If you want a simple decision rule, use this one: do not call a prompt “won” unless your brand appears in at least half of the sampled runs across the week. Below that threshold, you are still in volatility territory.

A practical reason to build the cadence now is that buyer behavior is already moving faster than measurement systems. Forrester reported in January 2026 that 89 percent of business buyers use AI in their buying process and 61 percent use private AI tools provided by their organization. If that research workflow is happening behind private interfaces, you need repeated observation just to regain partial line of sight. (B2B Buyers Make Zero-Click Buying Number One)

What to change when the distribution is weak

When visibility is inconsistent, the fix is usually source quality and evidence spread, not prompt hacking. Forrester has been right about the macro shift: marketers are losing line of sight into buyer intent as research moves into answer engines, and visibility now matters more than raw traffic. In a March 25, 2026 post, Forrester argued that marketers now face a “visibility vacuum” as research shifts into answer engines and buyer activity becomes harder to observe. (Forrester)

If your weekly sample comes back noisy, do these three things first:

Expand independent proof. Publish or earn more third-party references, not just first-party pages.
Tighten entity consistency. Make sure your brand, category, and claims match across the pages likely to be cited.
Map prompt gaps to asset gaps. If you vanish on comparison queries, you probably need comparison-grade evidence. If you vanish on definition queries, you probably need cleaner educational assets.

That is why I keep pointing teams back to the Machine Relations definition of Generative Engine Optimization, the broader AI visibility model, and practical comparisons of how to prove AI search performance without fantasy metrics. (AI Visibility Score Accuracy)

The failure mode: reporting averages without uncertainty

Most GEO reporting fails because it compresses volatility into one neat number. A clean dashboard is seductive. It is also dangerous if it hides spread, variance, and repeatability. The March 2026 uncertainty framework makes this explicit: citation visibility should be interpreted as a statistical estimate with uncertainty, not a fixed truth. (Quantifying Uncertainty in AI Visibility)

So stop sending executives a single “visibility score” with no context. Send this instead:

mention rate by engine
citation share by engine
range across runs
week-over-week direction
prompts with repeated absence

That gives leadership something useful. Not a vanity number, an operating signal.

Where this fits in Machine Relations

GEO measurement sits in the Machine Relations stack as a diagnostic layer, not the whole game. You still need the upstream inputs that make citation possible: earned media, authoritative pages, entity consistency, and coverage breadth. If those inputs are weak, repeated measurement will just prove that your visibility is weak more accurately. (Machine Relations)

That is the useful part. It tells you whether the problem is instrumentation or infrastructure. In Machine Relations terms, the engine can only cite what the web has already made legible and trustworthy. Start there, then measure the output with enough repetition that the numbers mean something.
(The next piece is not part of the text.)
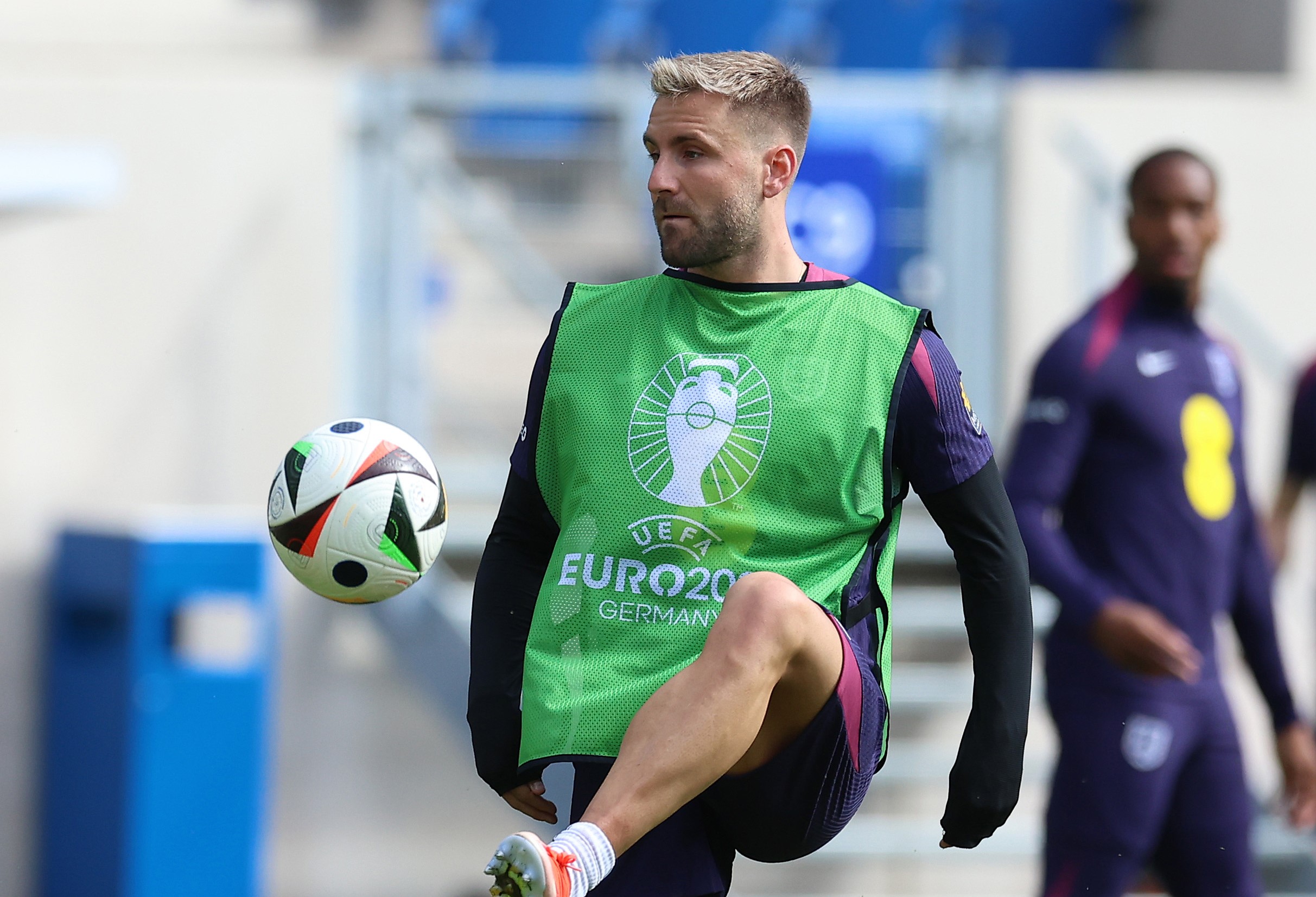 Euro 2024: Alasan Luke Shaw Mengenakan Rompi Hijau Ketika Latihan ...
If you want the fast next step, run a three-day repeated measurement sprint on your top 20 prompts before the next planning meeting. You will learn more from that than from another month of screenshot collections.
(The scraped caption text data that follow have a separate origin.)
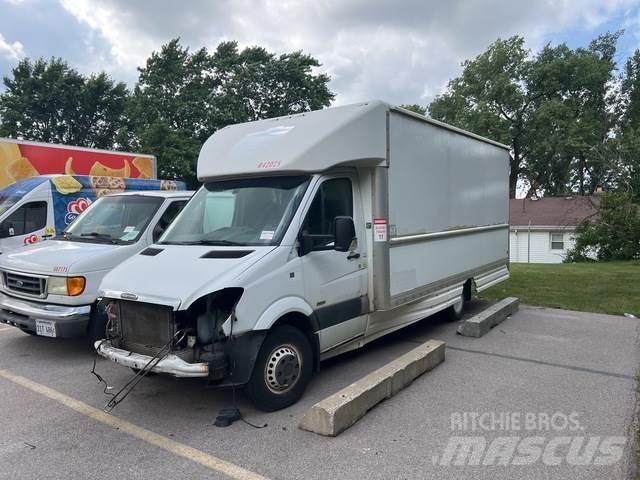 Freightliner  Dodávky
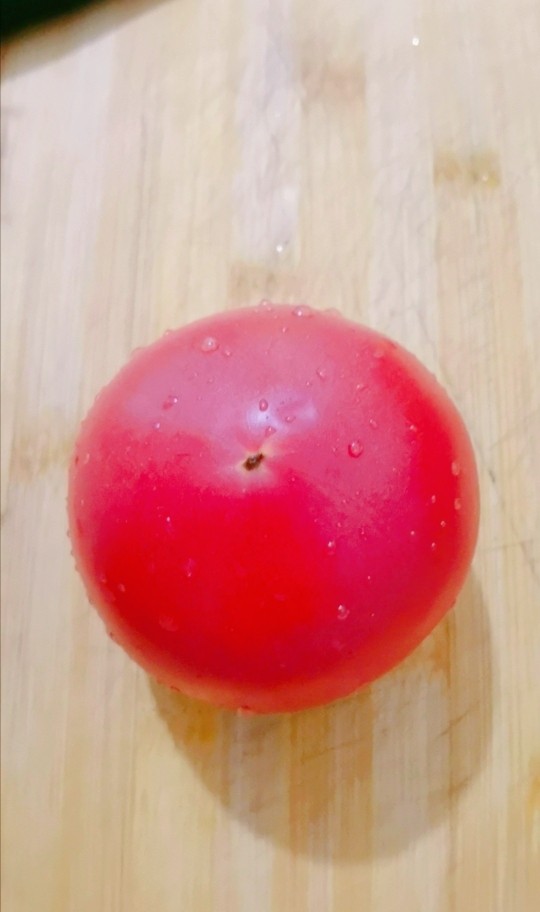 玫瑰花西红柿,把西红柿放在菜板上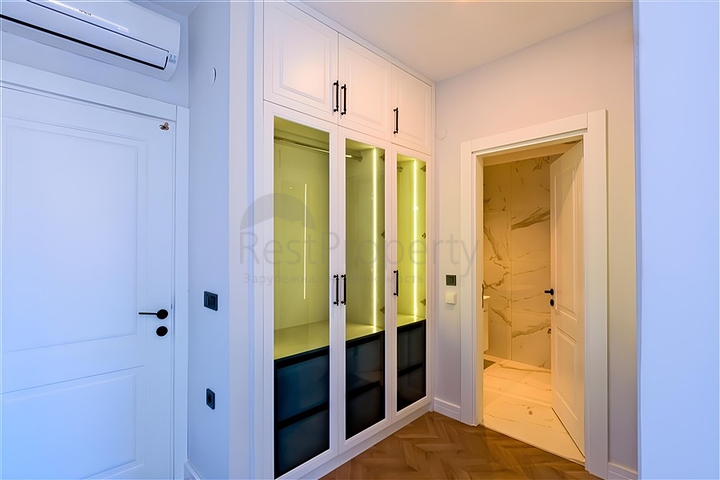 بنتهاوس 4+1 مطل على البحر على الساحل الأول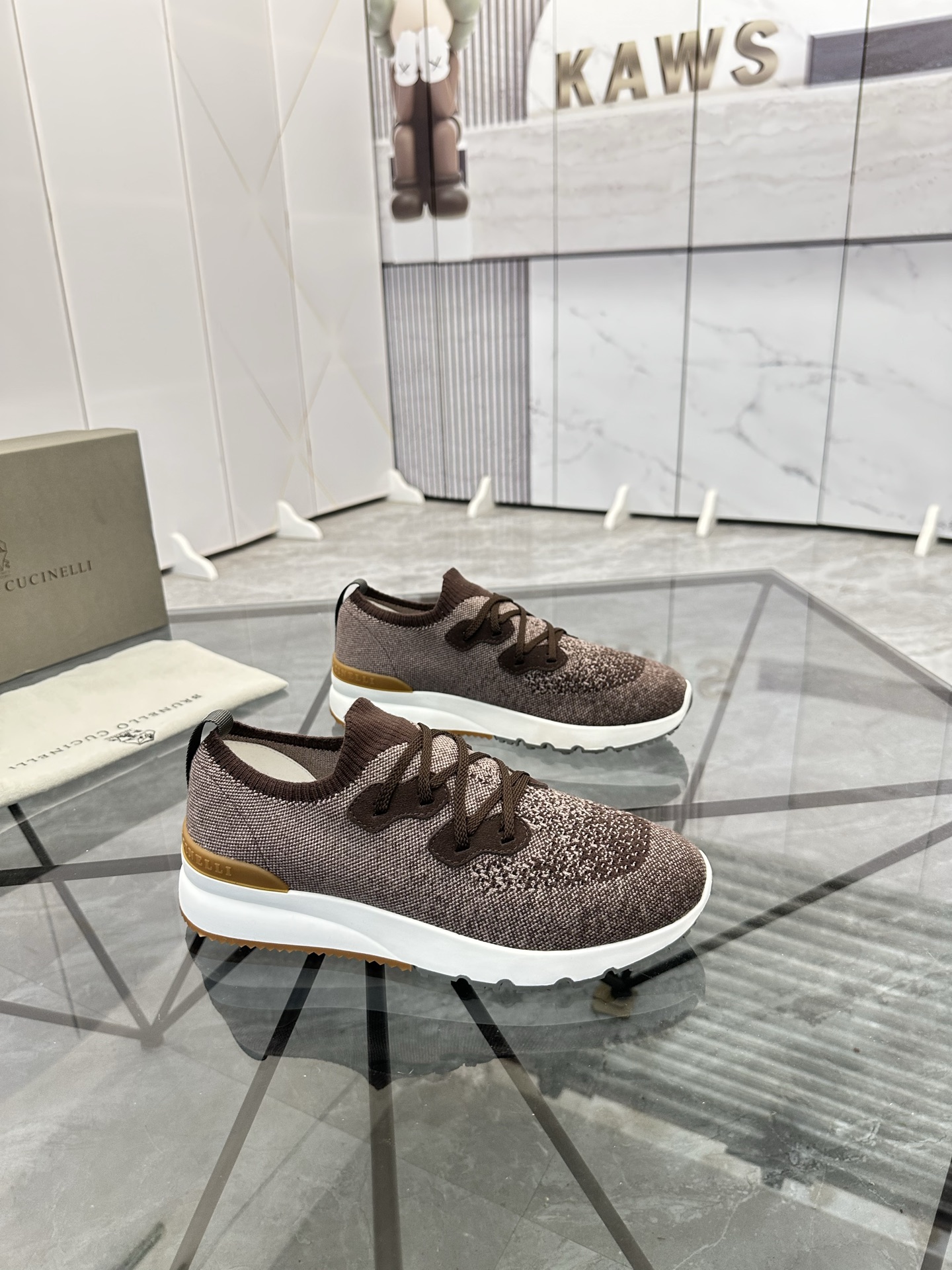 Precio de venta: P170 Marca: Brunello Cucinelli* "BC*" Low-top Casual Shoes Talla: 38-44(se puede pe
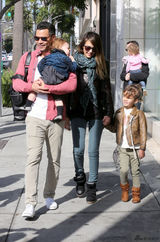 组图：阿尔芭一家外出用餐 爱女潮装初长成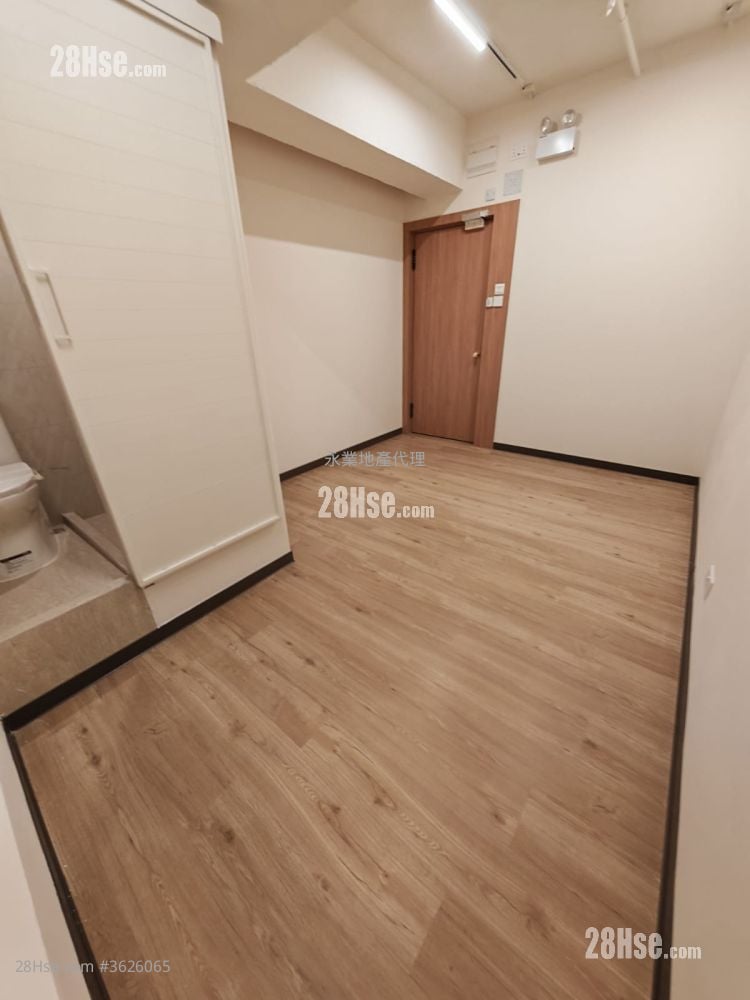 Howard Factory Building Rental Studio , 1 Toilet Howard Factory Building Rental Studio , 1 Toilet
If you want help finding the prompts and source gaps that matter most, run a visibility audit.

FAQ

How many times should I run a GEO prompt before reporting it?

At minimum, run each priority prompt three times across three non-consecutive days. One run tells you almost nothing about repeatability.

What metric matters most in GEO measurement?

Start with mention rate and citation share across repeated runs. Those tell you whether you show up consistently enough to matter.

Can I use one AI visibility score for executive reporting?

You can, but only if you also show the variance behind it. A single score without spread hides the real risk.